▶ **Input material**:
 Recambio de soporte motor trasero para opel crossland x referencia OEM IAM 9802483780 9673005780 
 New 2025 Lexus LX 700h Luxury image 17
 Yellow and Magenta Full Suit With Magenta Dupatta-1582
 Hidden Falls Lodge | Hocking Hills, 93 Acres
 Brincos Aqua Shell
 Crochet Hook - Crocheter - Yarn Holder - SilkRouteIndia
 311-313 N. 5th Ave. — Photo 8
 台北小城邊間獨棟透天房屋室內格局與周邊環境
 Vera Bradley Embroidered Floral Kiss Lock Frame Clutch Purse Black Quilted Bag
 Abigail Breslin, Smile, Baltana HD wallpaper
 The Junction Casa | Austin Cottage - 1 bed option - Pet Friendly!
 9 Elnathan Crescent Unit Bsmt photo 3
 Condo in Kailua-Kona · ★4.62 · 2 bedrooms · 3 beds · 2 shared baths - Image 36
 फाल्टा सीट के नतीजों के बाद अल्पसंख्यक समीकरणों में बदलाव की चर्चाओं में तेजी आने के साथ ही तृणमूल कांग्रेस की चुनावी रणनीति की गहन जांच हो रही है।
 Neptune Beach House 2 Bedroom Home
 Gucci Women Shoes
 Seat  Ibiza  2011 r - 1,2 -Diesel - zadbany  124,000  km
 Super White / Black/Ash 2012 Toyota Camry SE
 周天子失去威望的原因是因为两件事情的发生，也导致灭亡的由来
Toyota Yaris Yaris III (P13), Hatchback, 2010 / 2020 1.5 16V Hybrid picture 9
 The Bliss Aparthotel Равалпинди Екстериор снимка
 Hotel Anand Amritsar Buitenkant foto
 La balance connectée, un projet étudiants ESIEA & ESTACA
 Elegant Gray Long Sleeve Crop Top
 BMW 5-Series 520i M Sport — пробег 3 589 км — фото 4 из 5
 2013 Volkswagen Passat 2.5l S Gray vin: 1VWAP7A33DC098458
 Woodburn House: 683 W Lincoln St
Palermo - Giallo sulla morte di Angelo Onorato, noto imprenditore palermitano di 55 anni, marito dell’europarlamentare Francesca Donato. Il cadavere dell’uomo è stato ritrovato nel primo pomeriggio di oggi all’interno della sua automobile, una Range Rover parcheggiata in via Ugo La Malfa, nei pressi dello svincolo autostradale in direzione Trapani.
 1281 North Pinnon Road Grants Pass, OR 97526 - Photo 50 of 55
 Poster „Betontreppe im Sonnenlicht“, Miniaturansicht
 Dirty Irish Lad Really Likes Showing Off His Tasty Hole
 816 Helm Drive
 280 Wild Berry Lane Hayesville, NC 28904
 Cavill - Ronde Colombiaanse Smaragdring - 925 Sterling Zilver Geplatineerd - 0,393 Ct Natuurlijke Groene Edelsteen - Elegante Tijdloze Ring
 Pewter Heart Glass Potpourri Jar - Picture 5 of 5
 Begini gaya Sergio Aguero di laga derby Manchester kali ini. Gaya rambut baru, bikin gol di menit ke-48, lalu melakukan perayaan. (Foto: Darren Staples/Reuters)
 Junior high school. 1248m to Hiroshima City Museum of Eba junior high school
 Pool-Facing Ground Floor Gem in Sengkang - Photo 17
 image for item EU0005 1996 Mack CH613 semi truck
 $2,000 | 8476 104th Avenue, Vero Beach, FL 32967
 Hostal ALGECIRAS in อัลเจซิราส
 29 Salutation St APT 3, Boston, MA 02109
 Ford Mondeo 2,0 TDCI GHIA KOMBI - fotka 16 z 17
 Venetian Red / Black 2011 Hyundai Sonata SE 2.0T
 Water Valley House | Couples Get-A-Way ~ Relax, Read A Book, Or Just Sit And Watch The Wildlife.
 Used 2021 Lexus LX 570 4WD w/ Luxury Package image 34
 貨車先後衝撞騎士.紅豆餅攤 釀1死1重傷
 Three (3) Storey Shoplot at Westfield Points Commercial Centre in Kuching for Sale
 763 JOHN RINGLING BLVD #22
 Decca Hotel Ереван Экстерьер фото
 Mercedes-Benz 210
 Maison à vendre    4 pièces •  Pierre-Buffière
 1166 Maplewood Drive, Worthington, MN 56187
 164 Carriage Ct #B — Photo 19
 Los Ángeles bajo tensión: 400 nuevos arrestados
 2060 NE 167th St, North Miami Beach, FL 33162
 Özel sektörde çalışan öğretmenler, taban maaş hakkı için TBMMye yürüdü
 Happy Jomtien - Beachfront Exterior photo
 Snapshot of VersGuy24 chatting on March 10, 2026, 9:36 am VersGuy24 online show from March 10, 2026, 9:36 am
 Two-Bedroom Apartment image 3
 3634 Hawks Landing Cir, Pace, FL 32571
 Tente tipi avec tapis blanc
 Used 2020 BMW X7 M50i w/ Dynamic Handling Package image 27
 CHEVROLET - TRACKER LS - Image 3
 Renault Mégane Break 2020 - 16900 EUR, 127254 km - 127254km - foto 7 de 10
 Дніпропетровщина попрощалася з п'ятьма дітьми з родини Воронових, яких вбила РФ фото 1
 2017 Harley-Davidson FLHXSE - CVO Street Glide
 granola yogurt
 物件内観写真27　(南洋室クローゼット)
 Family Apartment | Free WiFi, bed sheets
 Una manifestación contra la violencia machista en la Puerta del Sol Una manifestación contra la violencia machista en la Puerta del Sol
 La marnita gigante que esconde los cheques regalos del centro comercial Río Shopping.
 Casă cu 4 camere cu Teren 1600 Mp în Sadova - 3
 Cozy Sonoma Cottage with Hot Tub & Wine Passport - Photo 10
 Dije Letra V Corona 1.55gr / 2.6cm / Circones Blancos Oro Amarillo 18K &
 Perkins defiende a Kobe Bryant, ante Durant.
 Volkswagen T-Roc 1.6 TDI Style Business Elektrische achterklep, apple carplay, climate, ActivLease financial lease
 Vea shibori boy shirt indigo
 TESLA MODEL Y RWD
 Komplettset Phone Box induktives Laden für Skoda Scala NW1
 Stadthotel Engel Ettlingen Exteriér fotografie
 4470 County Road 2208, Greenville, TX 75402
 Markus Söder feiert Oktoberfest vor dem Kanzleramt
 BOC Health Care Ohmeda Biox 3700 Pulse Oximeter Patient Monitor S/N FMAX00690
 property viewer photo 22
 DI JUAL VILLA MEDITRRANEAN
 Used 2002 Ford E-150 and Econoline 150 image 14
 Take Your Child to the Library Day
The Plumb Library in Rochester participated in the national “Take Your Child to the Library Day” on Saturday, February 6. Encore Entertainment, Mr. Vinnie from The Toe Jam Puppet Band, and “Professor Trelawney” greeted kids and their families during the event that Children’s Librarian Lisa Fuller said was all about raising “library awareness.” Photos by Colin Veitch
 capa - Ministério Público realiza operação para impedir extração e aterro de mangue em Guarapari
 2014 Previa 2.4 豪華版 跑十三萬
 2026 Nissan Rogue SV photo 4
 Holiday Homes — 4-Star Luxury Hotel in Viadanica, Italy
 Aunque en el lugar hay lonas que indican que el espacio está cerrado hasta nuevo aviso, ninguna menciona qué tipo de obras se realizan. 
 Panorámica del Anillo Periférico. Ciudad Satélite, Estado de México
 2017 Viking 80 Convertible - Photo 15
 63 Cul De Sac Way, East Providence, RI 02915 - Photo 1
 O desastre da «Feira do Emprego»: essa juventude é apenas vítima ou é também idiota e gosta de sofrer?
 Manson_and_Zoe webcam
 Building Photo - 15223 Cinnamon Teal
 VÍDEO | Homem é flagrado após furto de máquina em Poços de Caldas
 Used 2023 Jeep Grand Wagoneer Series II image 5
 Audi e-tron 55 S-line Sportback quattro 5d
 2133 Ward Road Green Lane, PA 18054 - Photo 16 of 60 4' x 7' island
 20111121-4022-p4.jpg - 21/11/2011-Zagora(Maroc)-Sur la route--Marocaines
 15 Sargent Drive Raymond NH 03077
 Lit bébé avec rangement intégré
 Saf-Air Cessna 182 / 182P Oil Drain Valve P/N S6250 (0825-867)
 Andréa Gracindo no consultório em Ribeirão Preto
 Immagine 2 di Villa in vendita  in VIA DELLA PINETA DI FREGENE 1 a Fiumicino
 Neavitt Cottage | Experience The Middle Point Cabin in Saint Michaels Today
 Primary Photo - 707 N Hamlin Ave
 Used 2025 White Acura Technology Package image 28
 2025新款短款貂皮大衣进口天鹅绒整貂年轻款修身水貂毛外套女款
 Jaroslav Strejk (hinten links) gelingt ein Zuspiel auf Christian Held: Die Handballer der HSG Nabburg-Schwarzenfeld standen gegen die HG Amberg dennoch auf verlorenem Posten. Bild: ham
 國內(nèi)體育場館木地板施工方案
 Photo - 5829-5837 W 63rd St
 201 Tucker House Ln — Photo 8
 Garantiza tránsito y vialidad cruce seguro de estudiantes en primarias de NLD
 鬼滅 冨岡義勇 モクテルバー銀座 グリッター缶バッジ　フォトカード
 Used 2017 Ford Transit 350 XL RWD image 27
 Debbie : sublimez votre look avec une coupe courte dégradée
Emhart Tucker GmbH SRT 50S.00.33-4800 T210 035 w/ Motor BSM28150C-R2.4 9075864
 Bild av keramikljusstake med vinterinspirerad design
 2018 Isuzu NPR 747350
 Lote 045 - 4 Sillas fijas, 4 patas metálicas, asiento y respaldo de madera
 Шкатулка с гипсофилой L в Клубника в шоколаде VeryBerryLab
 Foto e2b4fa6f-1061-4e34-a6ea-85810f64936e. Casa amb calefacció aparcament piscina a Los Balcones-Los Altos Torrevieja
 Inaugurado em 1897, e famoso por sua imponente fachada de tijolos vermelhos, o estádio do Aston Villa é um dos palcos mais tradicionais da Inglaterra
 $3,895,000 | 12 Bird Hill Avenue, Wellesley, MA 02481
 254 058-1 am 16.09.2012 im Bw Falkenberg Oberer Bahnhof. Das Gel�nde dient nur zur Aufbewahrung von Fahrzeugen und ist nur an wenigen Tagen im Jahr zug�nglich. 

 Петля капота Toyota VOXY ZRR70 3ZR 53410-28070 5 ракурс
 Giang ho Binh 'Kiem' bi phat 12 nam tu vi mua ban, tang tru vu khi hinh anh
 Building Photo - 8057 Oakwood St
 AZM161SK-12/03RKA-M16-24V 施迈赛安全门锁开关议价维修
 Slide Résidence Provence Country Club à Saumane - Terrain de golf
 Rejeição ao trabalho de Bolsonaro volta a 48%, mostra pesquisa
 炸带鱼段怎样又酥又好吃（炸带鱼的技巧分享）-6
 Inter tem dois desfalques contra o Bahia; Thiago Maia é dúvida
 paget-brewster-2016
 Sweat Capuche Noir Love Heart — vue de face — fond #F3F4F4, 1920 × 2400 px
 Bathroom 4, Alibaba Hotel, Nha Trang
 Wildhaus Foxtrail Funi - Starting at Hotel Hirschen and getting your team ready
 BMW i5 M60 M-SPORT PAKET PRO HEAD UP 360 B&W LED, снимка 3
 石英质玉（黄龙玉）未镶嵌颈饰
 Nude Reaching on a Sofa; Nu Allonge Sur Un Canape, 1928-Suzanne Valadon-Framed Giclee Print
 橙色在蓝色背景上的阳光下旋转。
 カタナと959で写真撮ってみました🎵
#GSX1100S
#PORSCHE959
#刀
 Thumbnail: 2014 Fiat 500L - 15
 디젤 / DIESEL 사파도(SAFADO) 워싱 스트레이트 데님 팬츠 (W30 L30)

▶ **Task to carry out**:
Count the lines in the entries above where the string "Bild" shows up, and give that number only.

▶ **Solution to the problem**:
2